2. Dispute the claim.

1) Go to the video manager page.

2) Click the “matched third party content” blue hyperlink next to the video.

3) Click “Dispute”.

4) Scroll down and select the 5th click option “I have a license or written permission from the proper rights holder to use this material” and Click “Continue”.

5) Click “I am sure that I have a license or written permission, and I want to dispute this claim” and click “Continue”

5) In the “Please explain briefly section” state your type of use.  If it is commercial please provide your invoice number from soundofpicture.com.  If it is non-commercial please state it conforms to a CC-BYNC gratis license. (See above for more about what is commercial.)

6) Click the “I have a good faith belief…” box and enter your name.

7) Click continue.

8) Click “Submit Dispute” on the following page, and confirm the dispute by clicking “OK” on the pop up window.

The claim is usually resolved within one working day.

I used your music and my video was removed from Facebook / Instagram. Why? What do I do?

The Facebook & Instagram copyright system is primitive. If your video using my music was removed, the account owner will receive an email request to confirm that you have permission to use the music. Simply click “Appeal” and type your name as an electronic signature. Your video will be re-posted.

How do I credit you? If I buy a license is a credit required?

My most preferred attribution style is:

“Song name(s)”

Podington Bear

soundofpicture.com

 

…But I’m not super picky.

 

Is credit required with a commercial license? No. …But if you have room somewhere it is appreciated.

I need WAV or AIFF files. Where can I get them?

The Library is composed of high quality 320kbps MP3 files.  If your edit is going straight to the internet you should have no loss of quality with these files. If you want to use lossless files in your production, they can be downloaded from my lossless archive.

My project doesn't fall under any of your clickable license types. What do I do?

 

I’ve tried to expand my offerings for “clickable” licenses, but there’s always something that doesn’t quite match.  I’m happy to negotiate and draft licenses for your individual needs. Drop me a line.

Your license shop asks for a project budget, but I'm just making this video as a part of my job. What do I put there?

 

Please estimate how many hours you expect to work on the project and multiply that number by your hourly wage. That is your budget.  (In a nutshell:  I trust you to pay what you think is fair.)

Can I get an edit of one of your tracks? (Remove an instrument? Edit for time? Can you send stems?)

 

Yes!  I have sessions for 95% of my compositions.  I can make simple edits (remove something, or change length) for an additional $20.  I can send you stems for an additional $50 .  I can also give you a quote on remixing and composing to picture (i.e. adding musical layers to underscore and enhance the arc of your edit.) Drop me a line.

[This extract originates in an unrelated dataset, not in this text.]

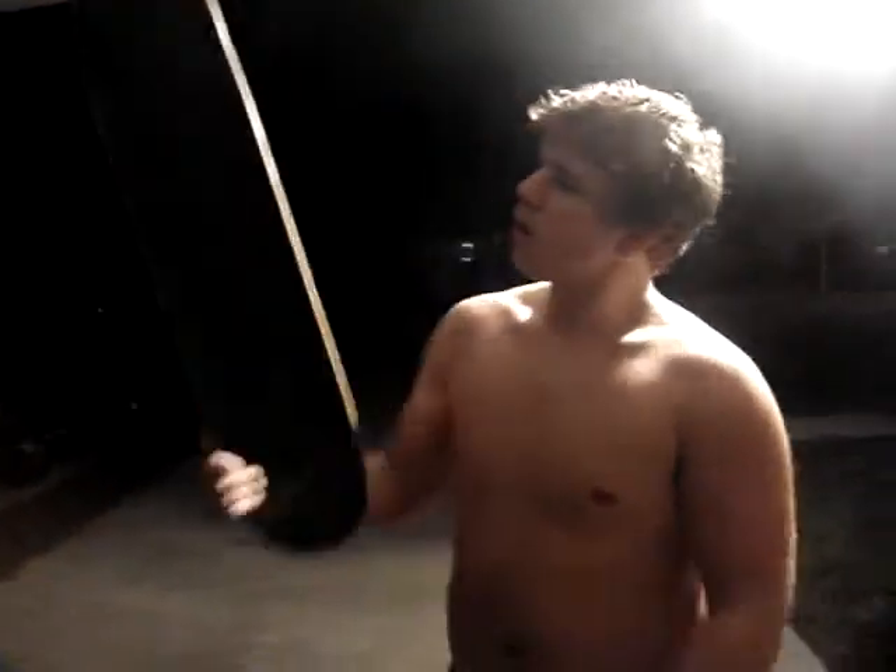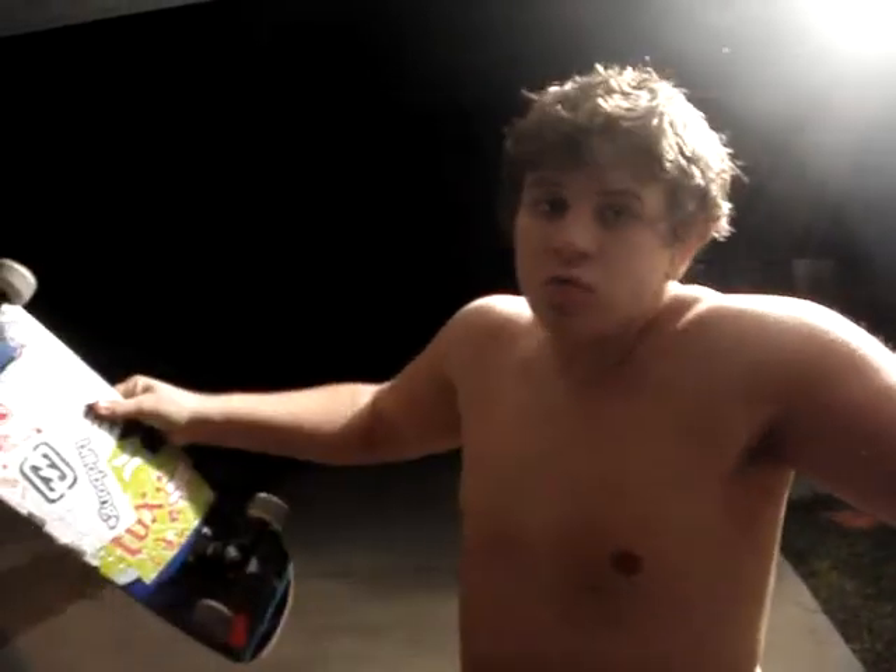Yo, what's up? My name's James. Y'all know me as Tito, Tito Big Dog. This is my board. Just got a new board. Just gonna test it out, just gonna do some tricks, do my thing. We got Reggie on the camera.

I want to use your music in my personal film. I'm submitting it to festivals. Is this an acceptable use?

 

Yes! If your film was made without any money changing hands you may submit it to festivals using a Creative Commons BYNC License.

I want to use your music in my television series for free. Can you agree to that?

Yes! For certain programming I will offer gratis master and sync licenses when cue sheets are reported to Performance Royalty Organizations.  I am an ASCAP writer (Chad Crouch) and publisher (Victrola Dog).

I'm working on a podcast affiliated with NPR/PBS. Does that qualify as non-commercial use?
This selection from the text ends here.